- Also known as: Mojib
- Born: Gothenburg, Sweden
- Genres: Electronic, hip hop, downtempo
- Occupations: Record producer, remixer, entrepreneur, podcaster
- Instruments: Piano, sampler
- Years active: 2005–present
- Label: Non-Existent Recordings

= Staffan Ulmert =

Staffan Ulmert, known professionally as Mojib, is a Swedish music producer, entrepreneur, and podcast host. He is known for his sample-based electronic music, including the 2007 album Whimsical Lifestyle, and for founding the music release-tracking website Has It Leaked.

==Career==
===Music production===
In the mid-2000s, Ulmert began producing music under the name Mojib from his studio in Gothenburg. His music style is inspired by hip-hop beats with melodic strings, piano, and samples. In 2007, his unofficial remix of the Radiohead song "Videotape" received over 25,000 downloads in 24 hours.

Later, in 2007, Ulmert released his debut album, Whimsical Lifestyle, on the Canadian label Non-Existent Recordings. In 2008, he released a companion mix titled Whimsical Mixtape. Ulmert also produced remixes for artists including Kings of Convenience, The Go! Team, and Asobi Seksu. In 2010, he released the single "May Day Revisited" which combined music from UNKLE and The Radio Dept.. After 2010, his musical output as Mojib became less frequent as he focused on other projects.

In 2011 he replicated his "Videotape" release by quickly remixing "Codex" from the Radiohead album The King of Limbs, which the Toronto Star called "even more spooky" than the original.
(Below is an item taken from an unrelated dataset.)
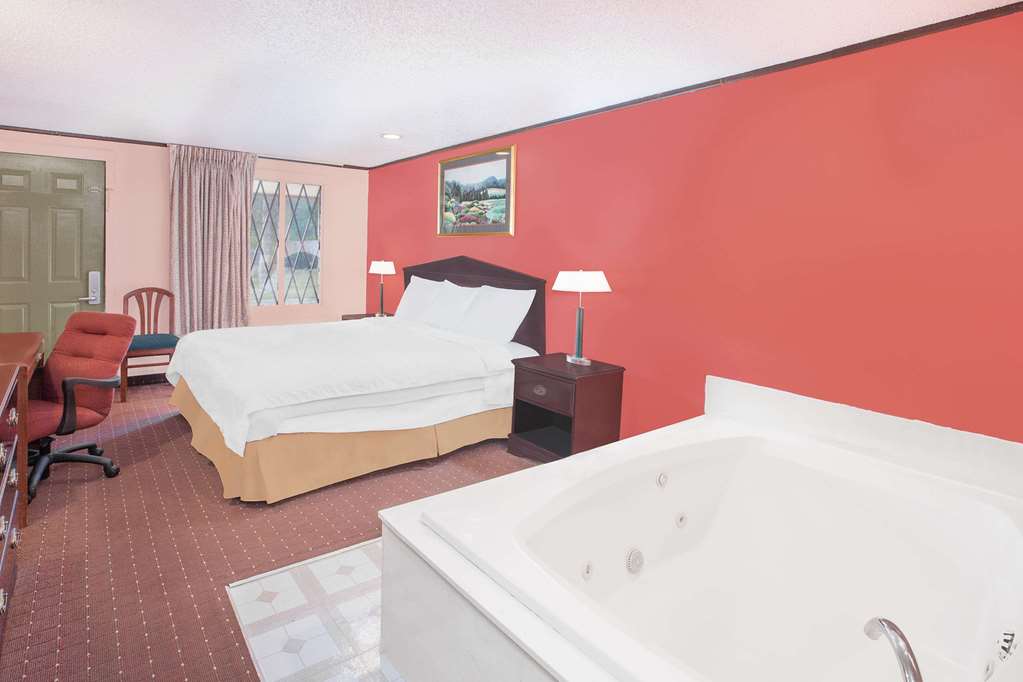 Knights Inn Battle Creek - photo 13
In 2017, Ulmert (as Mojib) and Nick Cave (with Warren Ellis) each contributed remixes of Gavin Clark’s "I’ve Got a Future" to Toydrum’s album My Eye On You (To Reinvision).

===Digital ventures===
In 2012, Ulmert founded Has It Leaked, a website that tracks and discusses the pre-release leaking of music albums without hosting pirated files. Vice described it as "the Neighborhood Watch of musical leaks", and by 2015 it was reported to attract over one million monthly visitors.

In 2015, Ulmert co-created and began co-hosting The Only Music Podcast with A&R professional Louise Hammar.